- _WHAT IS BEING ASKED_
Beginning at the line containing "three bookmarks with" in the material below and ending at the line containing "Young woman at", return each line exactly and add nothing.

- _DATA SUPPLIED_
★ ★ ★ ★ ★

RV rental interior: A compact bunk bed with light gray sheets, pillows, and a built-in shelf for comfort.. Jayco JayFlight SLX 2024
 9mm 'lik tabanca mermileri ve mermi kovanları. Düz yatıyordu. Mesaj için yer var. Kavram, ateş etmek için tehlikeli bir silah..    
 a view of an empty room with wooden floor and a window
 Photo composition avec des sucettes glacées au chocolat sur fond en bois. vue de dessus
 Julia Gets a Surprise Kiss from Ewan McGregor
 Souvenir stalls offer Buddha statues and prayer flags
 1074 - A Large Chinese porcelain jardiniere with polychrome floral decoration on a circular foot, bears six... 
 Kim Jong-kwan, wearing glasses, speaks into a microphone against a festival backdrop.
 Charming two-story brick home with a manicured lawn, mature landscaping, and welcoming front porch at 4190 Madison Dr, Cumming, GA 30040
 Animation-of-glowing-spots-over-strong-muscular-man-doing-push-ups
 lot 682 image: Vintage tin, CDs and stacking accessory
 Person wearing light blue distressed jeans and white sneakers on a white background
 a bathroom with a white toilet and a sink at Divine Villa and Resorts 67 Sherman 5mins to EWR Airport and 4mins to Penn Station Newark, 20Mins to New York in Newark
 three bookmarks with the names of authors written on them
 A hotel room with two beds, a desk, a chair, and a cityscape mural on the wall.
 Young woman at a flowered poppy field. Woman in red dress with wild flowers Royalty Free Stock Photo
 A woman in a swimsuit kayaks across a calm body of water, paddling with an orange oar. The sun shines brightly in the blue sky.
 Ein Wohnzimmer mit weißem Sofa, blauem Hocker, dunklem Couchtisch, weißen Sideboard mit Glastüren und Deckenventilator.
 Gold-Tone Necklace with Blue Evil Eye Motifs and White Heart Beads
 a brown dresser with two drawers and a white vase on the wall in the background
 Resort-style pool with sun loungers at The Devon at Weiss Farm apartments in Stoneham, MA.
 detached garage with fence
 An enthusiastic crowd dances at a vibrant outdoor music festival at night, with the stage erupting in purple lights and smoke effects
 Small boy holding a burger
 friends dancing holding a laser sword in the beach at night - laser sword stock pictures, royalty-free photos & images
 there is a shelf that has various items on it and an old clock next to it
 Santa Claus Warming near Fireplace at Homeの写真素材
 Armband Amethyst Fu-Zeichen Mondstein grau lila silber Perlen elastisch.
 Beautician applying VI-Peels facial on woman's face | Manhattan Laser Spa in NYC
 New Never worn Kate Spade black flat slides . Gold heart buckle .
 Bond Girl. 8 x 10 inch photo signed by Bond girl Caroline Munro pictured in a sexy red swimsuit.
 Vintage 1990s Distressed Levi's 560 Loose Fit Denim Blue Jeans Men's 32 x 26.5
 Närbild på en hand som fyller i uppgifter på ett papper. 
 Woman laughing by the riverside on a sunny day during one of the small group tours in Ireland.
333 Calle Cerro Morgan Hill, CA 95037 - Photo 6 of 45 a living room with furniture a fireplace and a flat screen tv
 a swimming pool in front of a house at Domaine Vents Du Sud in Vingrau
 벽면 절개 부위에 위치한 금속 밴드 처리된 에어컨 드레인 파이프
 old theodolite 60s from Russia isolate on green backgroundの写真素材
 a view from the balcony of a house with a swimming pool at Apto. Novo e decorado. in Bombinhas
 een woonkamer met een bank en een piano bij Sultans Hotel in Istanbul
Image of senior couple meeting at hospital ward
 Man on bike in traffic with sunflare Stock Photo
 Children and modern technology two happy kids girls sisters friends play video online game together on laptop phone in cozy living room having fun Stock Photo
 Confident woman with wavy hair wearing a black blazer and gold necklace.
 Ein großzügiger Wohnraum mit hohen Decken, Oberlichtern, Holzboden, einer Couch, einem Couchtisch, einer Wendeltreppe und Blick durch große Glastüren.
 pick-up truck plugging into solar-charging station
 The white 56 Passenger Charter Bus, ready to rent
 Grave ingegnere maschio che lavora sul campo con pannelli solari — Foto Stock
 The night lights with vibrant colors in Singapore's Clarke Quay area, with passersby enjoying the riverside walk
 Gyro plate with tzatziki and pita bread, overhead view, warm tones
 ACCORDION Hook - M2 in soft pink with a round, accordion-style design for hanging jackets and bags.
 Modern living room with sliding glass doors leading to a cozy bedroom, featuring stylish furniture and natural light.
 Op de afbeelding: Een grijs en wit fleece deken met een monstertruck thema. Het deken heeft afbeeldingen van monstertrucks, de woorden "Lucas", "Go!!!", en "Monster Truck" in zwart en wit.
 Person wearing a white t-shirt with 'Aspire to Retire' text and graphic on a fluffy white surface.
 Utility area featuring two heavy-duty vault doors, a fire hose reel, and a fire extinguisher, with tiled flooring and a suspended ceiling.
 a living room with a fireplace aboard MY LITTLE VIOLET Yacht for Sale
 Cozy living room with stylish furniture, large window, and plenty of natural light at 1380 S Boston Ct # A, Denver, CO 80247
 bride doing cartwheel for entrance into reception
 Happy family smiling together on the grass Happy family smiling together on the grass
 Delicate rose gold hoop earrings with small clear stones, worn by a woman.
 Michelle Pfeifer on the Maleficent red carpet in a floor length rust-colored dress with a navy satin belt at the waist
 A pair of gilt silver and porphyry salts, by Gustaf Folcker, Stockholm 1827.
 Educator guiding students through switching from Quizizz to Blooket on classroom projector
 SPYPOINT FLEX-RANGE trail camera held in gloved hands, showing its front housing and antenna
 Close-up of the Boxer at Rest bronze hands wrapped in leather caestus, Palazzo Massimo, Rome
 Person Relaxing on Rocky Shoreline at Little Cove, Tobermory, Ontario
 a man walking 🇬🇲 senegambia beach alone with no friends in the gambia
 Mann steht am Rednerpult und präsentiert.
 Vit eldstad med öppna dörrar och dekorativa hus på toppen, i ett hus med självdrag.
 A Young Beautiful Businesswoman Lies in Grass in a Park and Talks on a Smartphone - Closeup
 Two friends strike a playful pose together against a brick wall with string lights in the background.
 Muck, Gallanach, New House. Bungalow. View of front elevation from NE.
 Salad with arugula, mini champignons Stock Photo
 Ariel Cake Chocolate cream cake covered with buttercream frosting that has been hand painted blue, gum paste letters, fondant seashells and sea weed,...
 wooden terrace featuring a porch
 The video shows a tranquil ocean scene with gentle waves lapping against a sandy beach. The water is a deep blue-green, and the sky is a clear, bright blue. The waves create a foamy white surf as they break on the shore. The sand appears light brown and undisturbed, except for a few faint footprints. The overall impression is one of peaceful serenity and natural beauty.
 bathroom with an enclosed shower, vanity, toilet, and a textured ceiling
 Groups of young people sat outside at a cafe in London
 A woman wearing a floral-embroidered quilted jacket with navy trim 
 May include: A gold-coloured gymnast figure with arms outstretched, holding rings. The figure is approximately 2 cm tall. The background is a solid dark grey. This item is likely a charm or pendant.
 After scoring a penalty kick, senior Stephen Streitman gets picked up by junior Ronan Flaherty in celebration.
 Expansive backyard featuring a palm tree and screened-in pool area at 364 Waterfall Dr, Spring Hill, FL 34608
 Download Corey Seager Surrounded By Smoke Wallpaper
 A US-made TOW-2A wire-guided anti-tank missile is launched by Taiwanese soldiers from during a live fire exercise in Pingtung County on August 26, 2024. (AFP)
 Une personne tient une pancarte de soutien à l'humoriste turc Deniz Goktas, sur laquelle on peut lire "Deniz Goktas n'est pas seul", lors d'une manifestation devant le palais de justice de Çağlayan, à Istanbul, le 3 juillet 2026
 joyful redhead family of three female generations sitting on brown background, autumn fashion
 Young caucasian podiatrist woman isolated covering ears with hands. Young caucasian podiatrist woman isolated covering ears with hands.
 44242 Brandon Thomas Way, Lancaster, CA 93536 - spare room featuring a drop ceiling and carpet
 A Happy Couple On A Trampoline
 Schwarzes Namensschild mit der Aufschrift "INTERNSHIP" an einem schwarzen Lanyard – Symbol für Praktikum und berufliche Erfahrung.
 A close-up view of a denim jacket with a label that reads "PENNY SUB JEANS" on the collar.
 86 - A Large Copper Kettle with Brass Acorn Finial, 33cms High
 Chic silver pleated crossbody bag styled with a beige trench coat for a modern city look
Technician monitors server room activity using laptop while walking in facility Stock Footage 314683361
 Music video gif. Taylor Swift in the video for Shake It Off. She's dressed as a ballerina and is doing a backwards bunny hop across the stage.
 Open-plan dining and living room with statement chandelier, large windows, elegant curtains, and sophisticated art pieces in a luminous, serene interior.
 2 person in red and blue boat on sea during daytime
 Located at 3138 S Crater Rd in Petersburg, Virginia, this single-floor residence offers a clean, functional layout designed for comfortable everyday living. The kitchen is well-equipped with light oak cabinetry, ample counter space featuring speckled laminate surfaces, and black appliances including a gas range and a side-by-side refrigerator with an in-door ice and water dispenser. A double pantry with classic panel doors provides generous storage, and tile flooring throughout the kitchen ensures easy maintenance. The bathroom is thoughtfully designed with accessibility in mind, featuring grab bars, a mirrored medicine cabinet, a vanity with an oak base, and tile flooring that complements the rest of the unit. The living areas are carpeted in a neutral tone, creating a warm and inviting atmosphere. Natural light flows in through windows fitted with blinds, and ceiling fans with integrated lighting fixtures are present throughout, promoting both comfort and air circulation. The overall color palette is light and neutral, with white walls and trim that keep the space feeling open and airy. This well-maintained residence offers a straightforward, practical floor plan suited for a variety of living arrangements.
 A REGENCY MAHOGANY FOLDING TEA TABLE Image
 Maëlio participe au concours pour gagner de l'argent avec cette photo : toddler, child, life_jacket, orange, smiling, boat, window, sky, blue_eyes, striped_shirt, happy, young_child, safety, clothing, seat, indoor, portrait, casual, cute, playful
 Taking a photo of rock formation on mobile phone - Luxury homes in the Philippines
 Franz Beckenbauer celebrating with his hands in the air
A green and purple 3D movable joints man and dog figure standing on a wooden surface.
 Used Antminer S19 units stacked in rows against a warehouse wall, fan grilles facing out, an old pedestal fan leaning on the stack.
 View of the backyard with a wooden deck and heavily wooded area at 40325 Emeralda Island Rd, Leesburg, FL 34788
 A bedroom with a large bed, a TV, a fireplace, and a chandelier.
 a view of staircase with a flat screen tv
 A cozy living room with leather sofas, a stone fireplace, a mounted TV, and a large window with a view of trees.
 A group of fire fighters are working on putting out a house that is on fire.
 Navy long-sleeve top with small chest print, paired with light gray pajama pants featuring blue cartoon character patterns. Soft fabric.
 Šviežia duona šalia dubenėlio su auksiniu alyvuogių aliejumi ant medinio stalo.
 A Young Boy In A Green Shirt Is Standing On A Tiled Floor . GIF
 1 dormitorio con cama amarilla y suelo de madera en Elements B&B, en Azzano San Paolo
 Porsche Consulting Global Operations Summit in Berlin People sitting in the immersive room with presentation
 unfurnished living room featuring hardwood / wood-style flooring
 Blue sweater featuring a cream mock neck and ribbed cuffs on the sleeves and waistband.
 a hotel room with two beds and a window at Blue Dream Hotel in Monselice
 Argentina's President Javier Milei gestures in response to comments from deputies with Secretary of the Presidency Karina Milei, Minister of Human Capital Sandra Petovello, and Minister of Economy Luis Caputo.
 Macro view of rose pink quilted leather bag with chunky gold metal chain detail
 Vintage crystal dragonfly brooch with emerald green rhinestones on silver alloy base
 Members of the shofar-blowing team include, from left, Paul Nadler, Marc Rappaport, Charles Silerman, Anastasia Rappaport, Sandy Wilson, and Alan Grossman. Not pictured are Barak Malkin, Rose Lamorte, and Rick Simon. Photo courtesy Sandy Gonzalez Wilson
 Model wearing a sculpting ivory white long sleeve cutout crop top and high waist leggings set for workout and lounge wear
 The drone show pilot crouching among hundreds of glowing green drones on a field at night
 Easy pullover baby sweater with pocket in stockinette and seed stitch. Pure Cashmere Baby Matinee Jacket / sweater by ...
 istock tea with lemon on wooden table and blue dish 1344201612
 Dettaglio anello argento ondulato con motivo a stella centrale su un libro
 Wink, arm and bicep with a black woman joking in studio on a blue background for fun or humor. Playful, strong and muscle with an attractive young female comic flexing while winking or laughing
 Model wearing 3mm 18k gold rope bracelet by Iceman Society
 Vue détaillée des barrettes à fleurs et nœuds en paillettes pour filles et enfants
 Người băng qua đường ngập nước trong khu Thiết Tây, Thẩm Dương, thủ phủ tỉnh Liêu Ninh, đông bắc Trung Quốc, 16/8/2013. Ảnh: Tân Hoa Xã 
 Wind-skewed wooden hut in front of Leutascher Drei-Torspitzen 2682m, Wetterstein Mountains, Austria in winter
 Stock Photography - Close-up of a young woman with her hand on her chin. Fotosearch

★ ★ ★ ★ ★

- _SOLVED PROBLEM_
 three bookmarks with the names of authors written on them
 A hotel room with two beds, a desk, a chair, and a cityscape mural on the wall.
 Young woman at a flowered poppy field. Woman in red dress with wild flowers Royalty Free Stock Photo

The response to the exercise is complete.